What you are asked to do: Please restate word for word the lines of the entries below from the one with "ULLU优露童装冬日的奇妙探险之旅" to the one with "Massimo Sabbadin t", inclusive, and leave out every picture.

Dataset content:
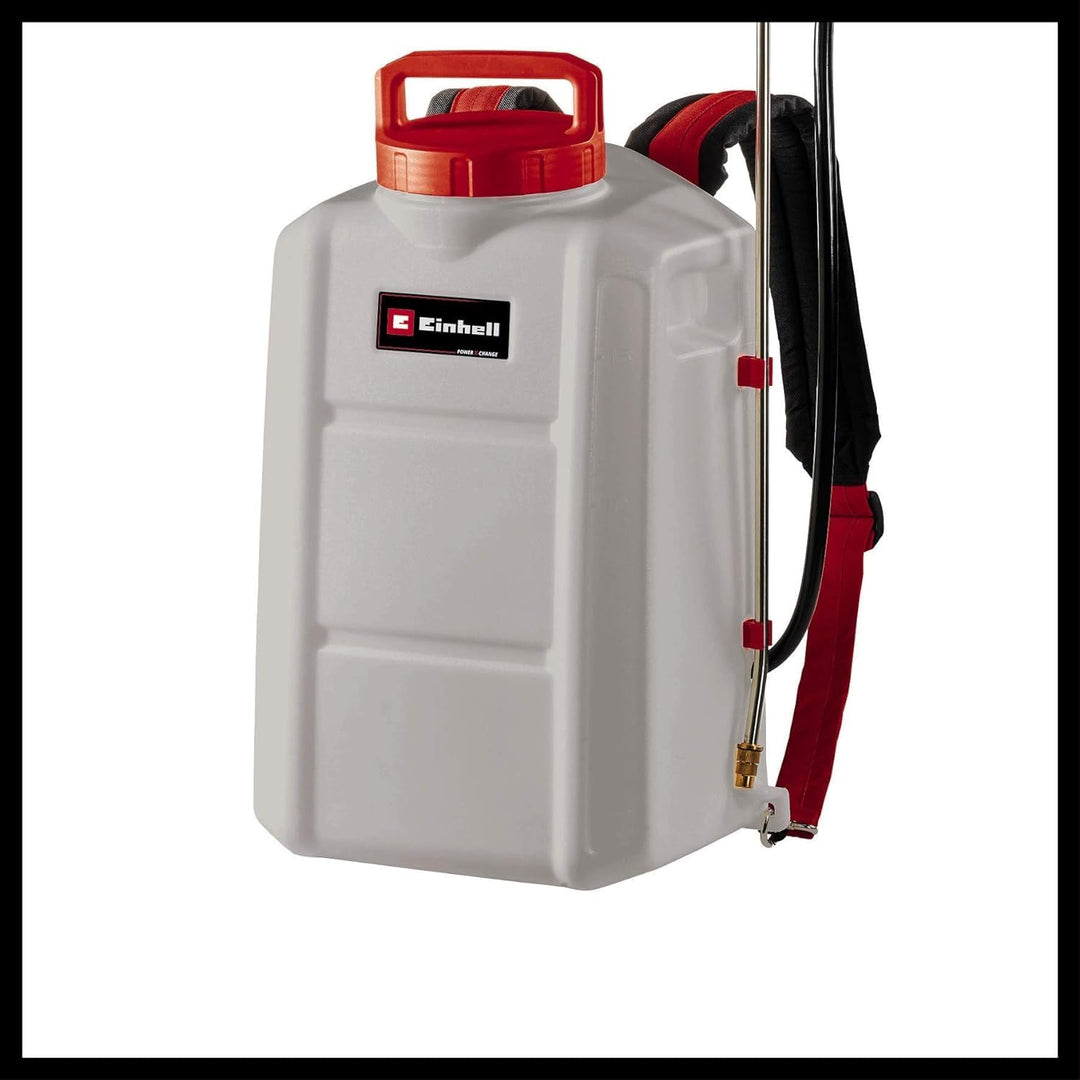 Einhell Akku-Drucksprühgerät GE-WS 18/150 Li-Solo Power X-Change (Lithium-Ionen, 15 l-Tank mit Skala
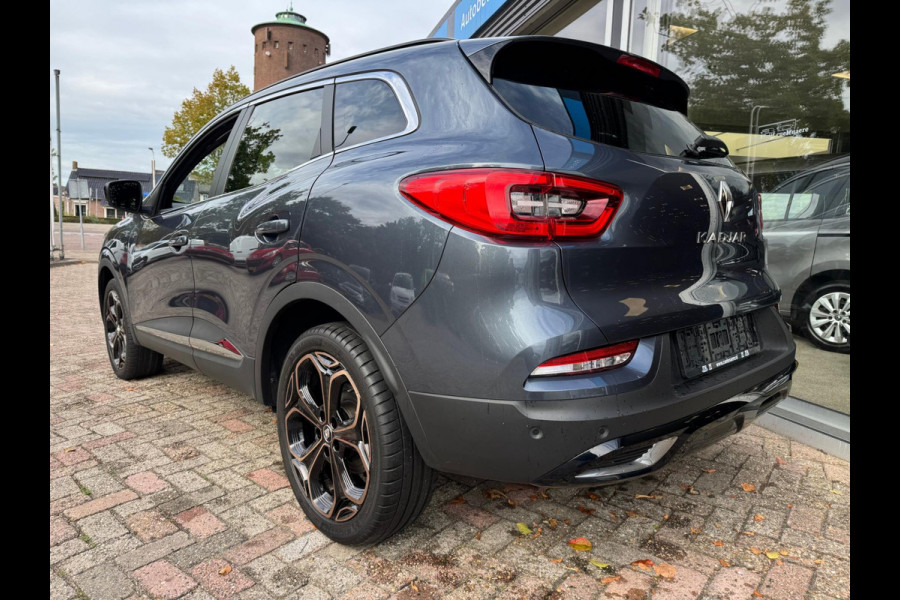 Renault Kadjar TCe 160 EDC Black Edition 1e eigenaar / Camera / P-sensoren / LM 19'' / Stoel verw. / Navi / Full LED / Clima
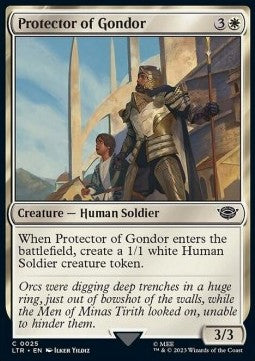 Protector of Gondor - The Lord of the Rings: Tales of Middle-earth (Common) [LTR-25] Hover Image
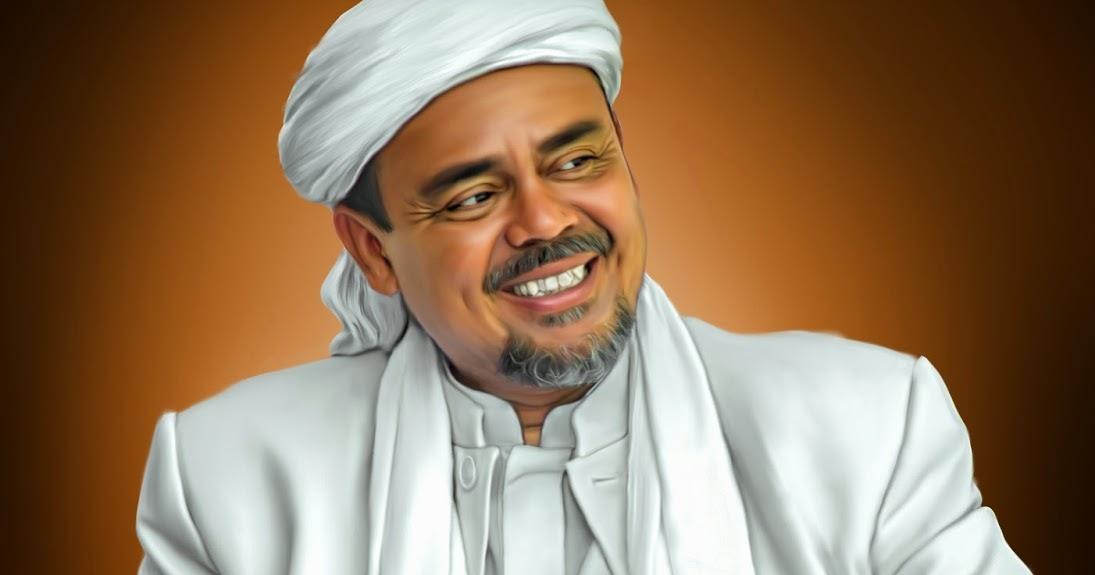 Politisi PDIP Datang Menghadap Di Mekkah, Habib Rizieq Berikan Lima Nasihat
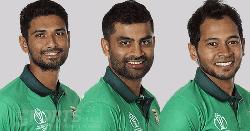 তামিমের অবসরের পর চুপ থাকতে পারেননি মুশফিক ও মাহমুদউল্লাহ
---
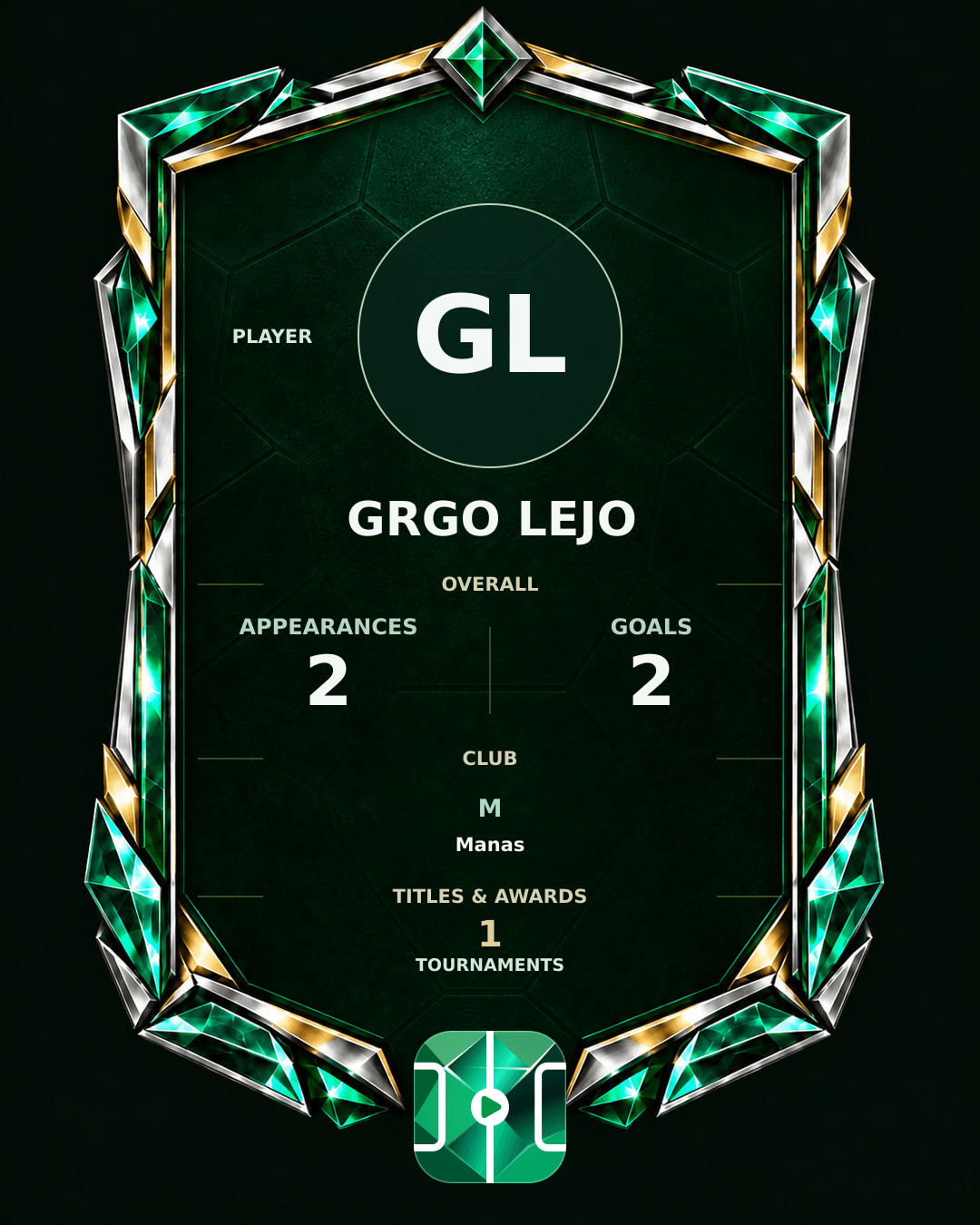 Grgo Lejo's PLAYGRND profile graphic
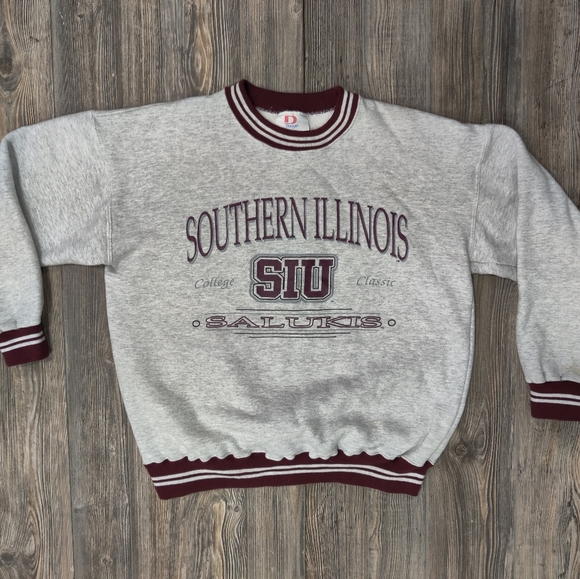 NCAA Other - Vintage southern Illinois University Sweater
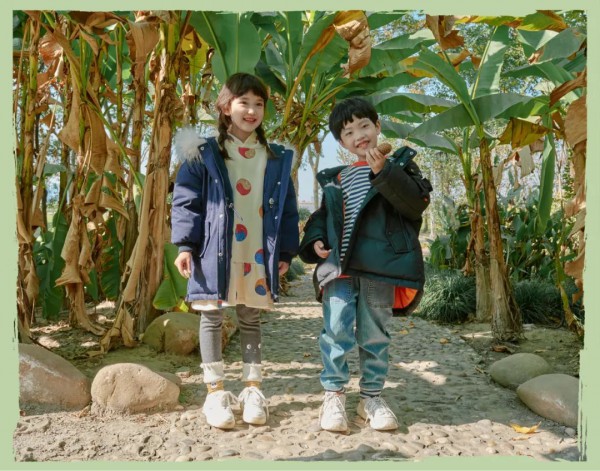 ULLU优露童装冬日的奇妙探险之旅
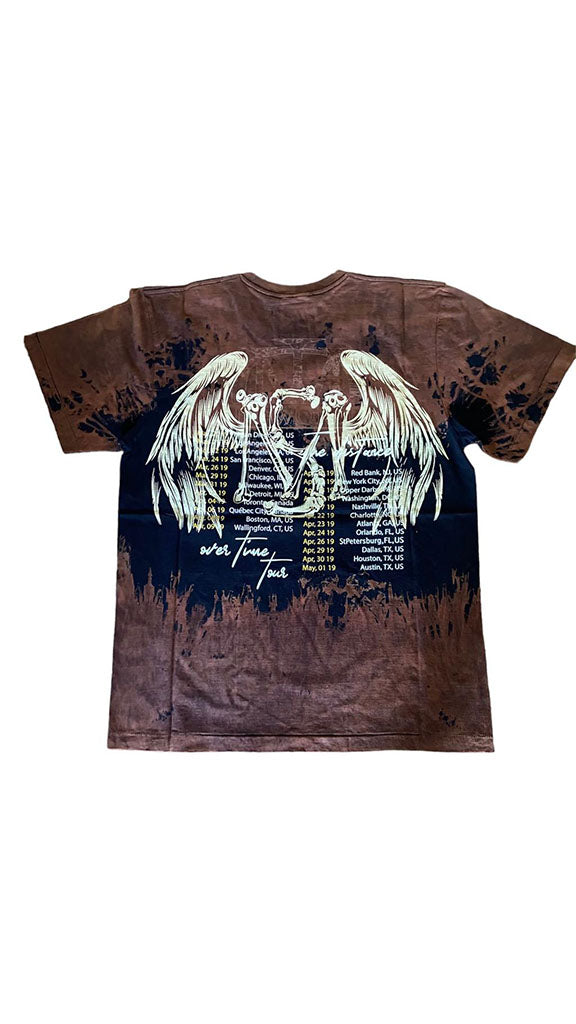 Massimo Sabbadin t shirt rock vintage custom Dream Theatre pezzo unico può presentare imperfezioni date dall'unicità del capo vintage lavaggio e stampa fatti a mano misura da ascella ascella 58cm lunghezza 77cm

Task output:
 ULLU优露童装冬日的奇妙探险之旅
 Massimo Sabbadin t shirt rock vintage custom Dream Theatre pezzo unico può presentare imperfezioni date dall'unicità del capo vintage lavaggio e stampa fatti a mano misura da ascella ascella 58cm lunghezza 77cm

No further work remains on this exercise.